Study: Anti-Jewish harassment occurred in 94 countries in 2020, up from earlier years

Jewish people were the targets of harassment in 94 countries in 2020, with incidents ranging from verbal and physical assaults to vandalism of cemeteries and scapegoating for the COVID-19 pandemic.

That was up from 89 countries the previous year, according to Pew Research Center’s latest annual study of global restrictions on religion, which tracks harassment by governments or social groups in 198 countries and territories. In the first year of the study, 2007, antisemitic incidents were documented in 51 countries.

In each year since, Jews have been a target of government restrictions or social hostilities involving religion in more countries than any other major religious group besides Christians and Muslims, even though only about 14.7 million people worldwide identify with the Jewish religion (about 0.2% of the world’s population). By comparison, there are nearly 2.4 billion Christians (31% of the global population) and roughly 1.9 billion Muslims (25%), according to the Center’s most recent figures.

The religious restrictions study defines government restrictions as laws, policies and actions by officials that restrict religious beliefs and practices. It defines social hostilities as acts by private individuals, organizations or groups.

In 2020, Jews were targets of either government restrictions or social hostilities (or both) in 41 of the 45 countries in Europe; 18 of 20 countries in the Middle East-North Africa region; 16 of 35 countries in the Americas; 16 of 50 countries in the Asia-Pacific region; and three of 48 countries in sub-Saharan Africa.

In Brazil, for example, a Jewish man had his teeth broken and his yarmulke torn with a pocketknife by men who told him “Hitler should have killed more Jews.” In Austria, a Jewish teen wearing a Star of David was attacked in the city of Graz after the assailants asked if he was Jewish. In Ukraine, a Jewish community center that also functions as a synagogue was damaged in a firebomb attack, while in Hungary and several other European countries, gravestones in Jewish cemeteries were vandalized.

In Iran, state-run media outlets published cartoons in 2020 that portrayed foreign officials as puppets of Jewish control, and government officials continued to question the history of the Holocaust. In Ecuador, government regulations, import taxes and paperwork obstructed Jews from importing kosher foods and products used in religious festivals. (Muslims faced similar problems importing halal foods.)

And in the United States, where more than 90 assaults against Jews in 2020 were reported by the FBI, a rabbi in Connecticut was assaulted and had his car stolen by two teenagers who yelled an antisemitic slur at him.

The Center’s annual study tracks restrictions on religion from year to year using a consistent set of approximately 20 publicly available sources, including reports by the U.S. State Department and the United Nations’ special rapporteur on freedom of religion or belief. The study also analyzes events tracked by university databases and publications by nongovernmental organizations such as Human Rights Watch, Amnesty International and the International Crisis Group. The study relies on the sources’ determination of whether particular incidents targeted Jews.

Some of the anti-Jewish discourse observed in 2020 was related to the coronavirus pandemic. In the United Kingdom, for example, antisemitic conspiracy theories spread online, claiming that Jews used the coronavirus lockdowns to “steal everything.” In Italy, properties were vandalized with antisemitic posters and graffiti, including one incident in which a Star of David was depicted along with the words “equal to virus.” In Morocco, a man was arrested for social media posts in which he accused a Jewish citizen and a foreign national of infecting many people with COVID-19.

Incidents counted in the study also include anti-Jewish comments that appeared in media outlets. In Jordan, for example, a professor at al-Zaytoonah University said on a TV program that Jews were more dangerous than the coronavirus, AIDS, cholera and every other disease. And in Qatar, the newspaper al-Raya published an opinion piece saying Jews had accessed global power centers over the course of history and shaped decision-making, including the toppling of governments, to serve their own interests. The article was later removed from the website.
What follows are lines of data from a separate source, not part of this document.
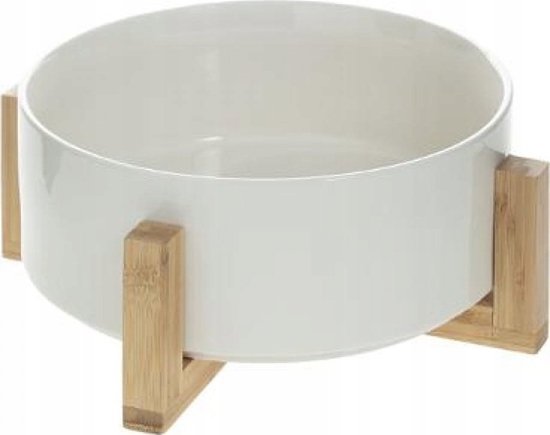 Picture of Secret de Gourmet Miska na saatk, Ø 24 cm, ceramiczna na bambusowym stojaku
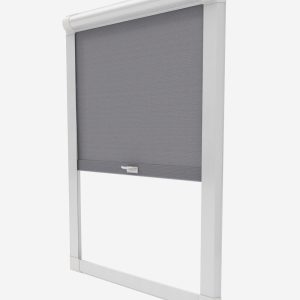 Mid Grey Perfect Fit Roller Blind Open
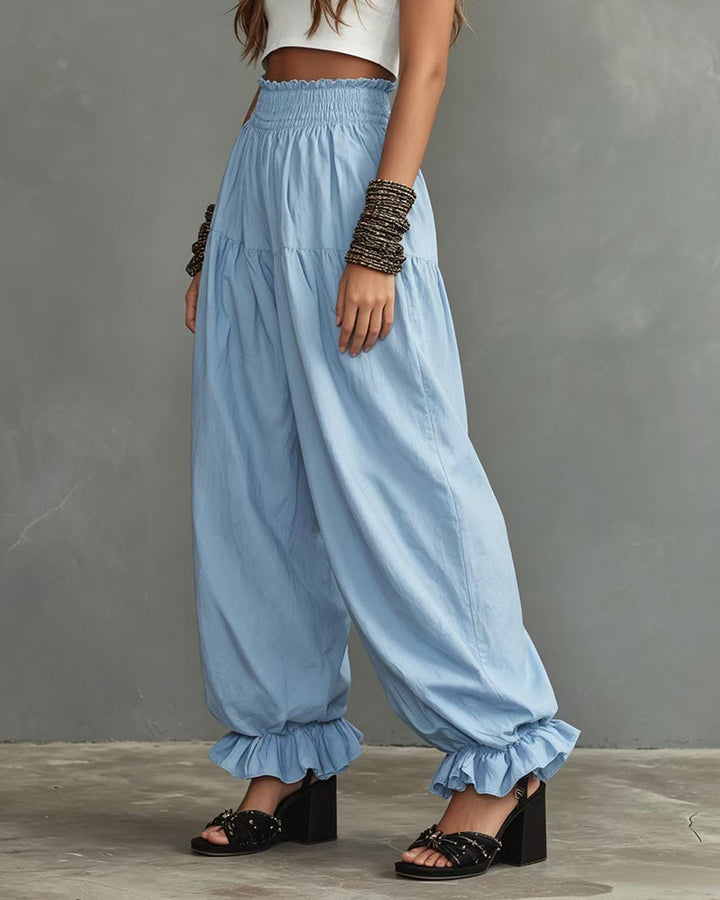 Cindy | Effortless Comfort High-Waist Wide-Leg Trousers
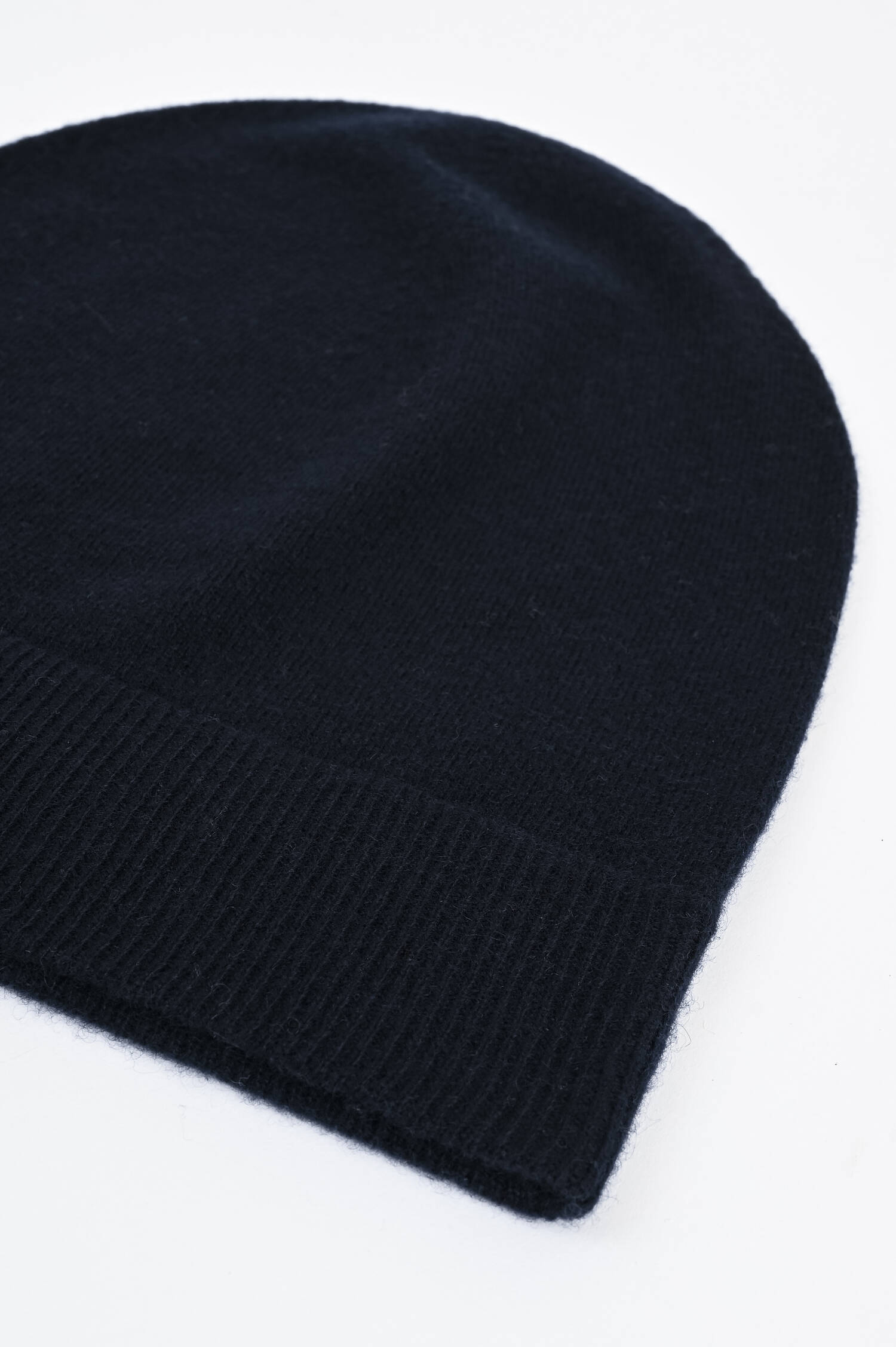 Mütze aus Cashmere in Midnight Mütze aus Cashmere in Midnight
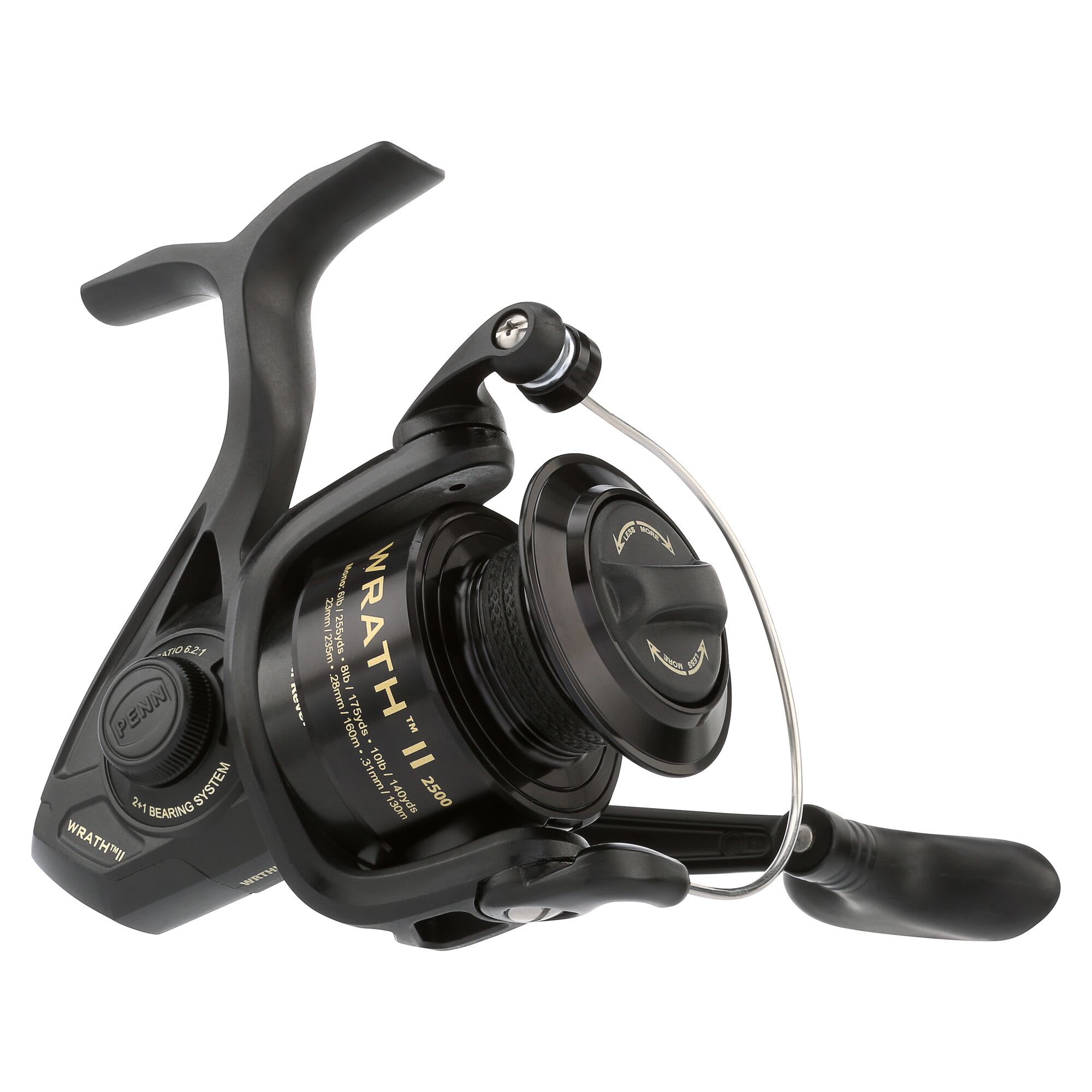 PENN_WrathIISpinningReel_WRTHII2500C_alt1_6b2e07f1-797b-4d0a-affe-7cfe8c9790a7-1 Wrath® II Spinning Reel - Image 1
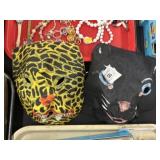 2 Vintage Fabric Halloween Masks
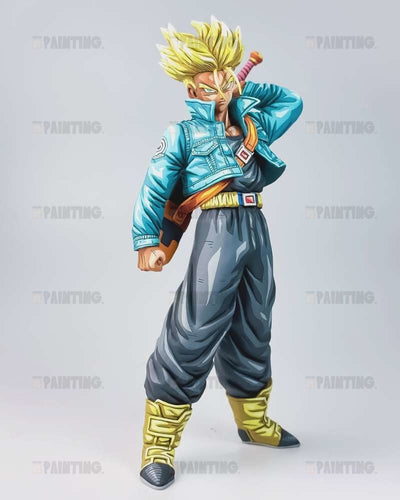 Hand Painted Dragon Ball Future Trunks 2D Comic-Style Repaint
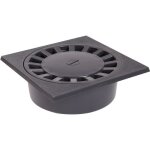 Siphon de sol - valentin - sc891 - 25x25 cm - gris foncé - pvc Siphon de sol - valentin - sc891 - 25x25 cm - gris foncé - pvc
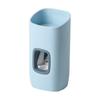 Exprimidor automático de pasta de dientes creativo para el hogar, baño, sin perforaciones, montaje en pared con ventosa, set de soporte para cepillos de dientes, logo de regalo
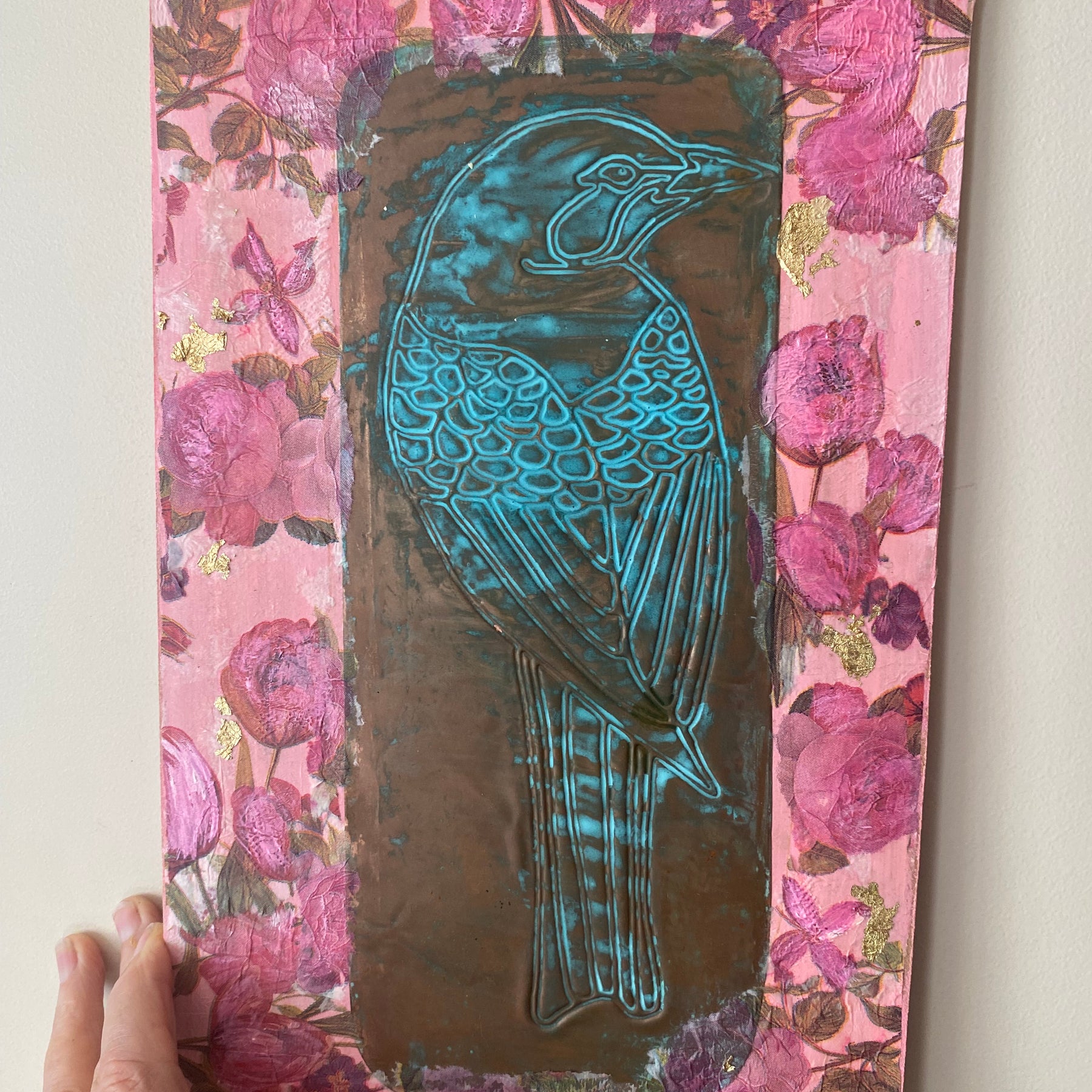 Rustic bird wall art. Secret garden copper art ❤️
Several other religious groups have also faced harassment in an increasing number of countries since 2007, including Christians (155 countries in 2020 vs. 107 in 2007), Muslims (145 vs. 96) and Buddhists (21 vs. 10).

Countries are counted as experiencing harassment against members of a religious group if the source materials include at least one documented incident in the year being studied. The overall numbers help convey how geographically widespread harassment is, but they do not measure its severity. The Center’s report does not seek to determine which religious group faces the “most persecution” around the world.

Studies that measure antisemitism can take many different approaches. There are surveys that examine general attitudes toward Jews; surveys of Jews themselves about their perceptions and experiences; assessments of antisemitism in the media; and annual counts of incidents that target Jews. For example, Tel Aviv University’s Kantor Center for the Study of Contemporary European Jewry has published reports since 2000 on the number of antisemitic incidents around the world. It found a decrease in “bodily injuries” and damage to private property worldwide in 2020 compared with 2019, but an increase in antisemitic vandalism of cemeteries, Holocaust memorials and synagogues. During the period from 1989 to 2020, the number of violent antisemitic attacks worldwide was highest in 2009, according to the report.